● **EXERCISE**
Of the lines below, report only those that contain "going".

● **ENTRIES PROVIDED**
----

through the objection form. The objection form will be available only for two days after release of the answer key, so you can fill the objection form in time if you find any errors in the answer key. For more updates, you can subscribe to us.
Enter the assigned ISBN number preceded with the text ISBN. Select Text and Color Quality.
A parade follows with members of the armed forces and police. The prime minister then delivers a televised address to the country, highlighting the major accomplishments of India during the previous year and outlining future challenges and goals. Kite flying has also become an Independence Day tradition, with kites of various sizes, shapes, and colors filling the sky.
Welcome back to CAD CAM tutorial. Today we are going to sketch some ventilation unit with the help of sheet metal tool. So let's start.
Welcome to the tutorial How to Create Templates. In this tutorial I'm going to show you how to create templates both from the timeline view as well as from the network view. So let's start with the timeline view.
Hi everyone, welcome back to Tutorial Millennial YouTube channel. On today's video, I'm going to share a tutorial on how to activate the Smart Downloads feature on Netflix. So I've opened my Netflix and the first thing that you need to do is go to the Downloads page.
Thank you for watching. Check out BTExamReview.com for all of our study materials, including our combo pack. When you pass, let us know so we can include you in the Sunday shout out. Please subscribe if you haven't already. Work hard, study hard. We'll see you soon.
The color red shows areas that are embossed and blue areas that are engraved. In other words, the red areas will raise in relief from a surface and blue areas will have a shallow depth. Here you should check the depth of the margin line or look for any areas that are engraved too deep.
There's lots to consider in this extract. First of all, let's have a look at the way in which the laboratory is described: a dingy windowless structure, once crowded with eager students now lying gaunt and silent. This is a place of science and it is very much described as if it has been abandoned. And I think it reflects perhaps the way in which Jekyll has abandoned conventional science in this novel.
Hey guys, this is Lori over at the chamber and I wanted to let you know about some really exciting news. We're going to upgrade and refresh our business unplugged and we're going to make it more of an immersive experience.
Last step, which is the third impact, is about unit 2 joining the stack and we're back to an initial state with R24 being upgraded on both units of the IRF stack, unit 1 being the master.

----

● **TASK RESULT**
Welcome back to CAD CAM tutorial. Today we are going to sketch some ventilation unit with the help of sheet metal tool. So let's start.
Welcome to the tutorial How to Create Templates. In this tutorial I'm going to show you how to create templates both from the timeline view as well as from the network view. So let's start with the timeline view.
Hi everyone, welcome back to Tutorial Millennial YouTube channel. On today's video, I'm going to share a tutorial on how to activate the Smart Downloads feature on Netflix. So I've opened my Netflix and the first thing that you need to do is go to the Downloads page.
Hey guys, this is Lori over at the chamber and I wanted to let you know about some really exciting news. We're going to upgrade and refresh our business unplugged and we're going to make it more of an immersive experience.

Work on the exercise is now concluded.